Alias of IsTransitiveRel.mem_filter_prod_trans.

theorem ball_subset_of_mem {X : Type u_1} {V : SetRel X X} [V.IsTrans] {x y : X} (hy : y ∈ UniformSpace.ball x V) : UniformSpace.ball y V ⊆ UniformSpace.ball x V

theorem ball_eq_of_mem {X : Type u_1} {V : SetRel X X} [V.IsSymm] [V.IsTrans] {x y : X} (hy : y ∈ UniformSpace.ball x V) : UniformSpace.ball x V = UniformSpace.ball y V

class IsUltraUniformity (X : Type u_1) [UniformSpace X] : Prop

A uniform space is ultrametric if the uniformity 𝓤 X has a basis of equivalence relations.

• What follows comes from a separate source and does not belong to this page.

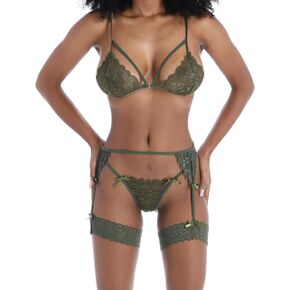 Sexy Lingerie for Women | Conjunto de Lenceria Sexy para Mujer | 3 Piece Lace Garter Lingerie Set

• hasBasis : (uniformity X).HasBasis (fun (s : SetRel X X) => s ∈ uniformity X ∧ s.IsSymm ∧ s.IsTrans) id

theorem IsUltraUniformity.mk_of_hasBasis {X : Type u_1} [UniformSpace X] {ι : Type u_2} {p : ι → Prop} {s : ι → SetRel X X} (h_basis : (uniformity X).HasBasis p s) (h_symm : ∀ (i : ι), p i → (s i).IsSymm) (h_trans : ∀ (i : ι), p i → (s i).IsTrans) : IsUltraUniformity X

theorem IsUltraUniformity.mem_nhds_iff_symm_trans {X : Type u_1} [UniformSpace X] [IsUltraUniformity X] {x : X} {s : Set X} : s ∈ nhds x ↔ ∃ V ∈ uniformity X, SetRel.IsSymm V ∧ SetRel.IsTrans V ∧ UniformSpace.ball x V ⊆ s

theorem UniformSpace.isOpen_ball_of_mem_uniformity {X : Type u_1} [UniformSpace X] (x : X) {V : SetRel X X} [V.IsTrans] (h' : V ∈ uniformity X) : IsOpen (ball x V)

theorem UniformSpace.isClosed_ball_of_isSymm_of_isTrans_of_mem_uniformity {X : Type u_1} [UniformSpace X] (x : X) {V : SetRel X X} [V.IsSymm] [V.IsTrans] (h' : V ∈ uniformity X) : IsClosed (ball x V)

@[deprecated UniformSpace.isClosed_ball_of_isSymm_of_isTrans_of_mem_uniformity (since := "2025-10-17")]

theorem UniformSpace.isClosed_ball_of_isSymmetricRel_of_isTransitiveRel_of_mem_uniformity {X : Type u_1} [UniformSpace X] (x : X) {V : SetRel X X} [V.IsSymm] [V.IsTrans] (h' : V ∈ uniformity X) : IsClosed (ball x V)

Alias of UniformSpace.isClosed_ball_of_isSymm_of_isTrans_of_mem_uniformity.

theorem UniformSpace.isClopen_ball_of_isSymm_of_isTrans_of_mem_uniformity {X : Type u_1} [UniformSpace X] (x : X) {V : SetRel X X} [V.IsSymm] [V.IsTrans] (h' : V ∈ uniformity X) : IsClopen (ball x V)

theorem UniformSpace.nhds_basis_clopens {X : Type u_1} [UniformSpace X] [IsUltraUniformity X] (x : X) : (nhds x).HasBasis (fun (s : Set X) => x ∈ s ∧ IsClopen s) id

theorem TopologicalSpace.isTopologicalBasis_clopens {X : Type u_1} [UniformSpace X] [IsUltraUniformity X] : IsTopologicalBasis {s : Set X | IsClopen s}

A uniform space with a nonarchimedean uniformity is zero-dimensional.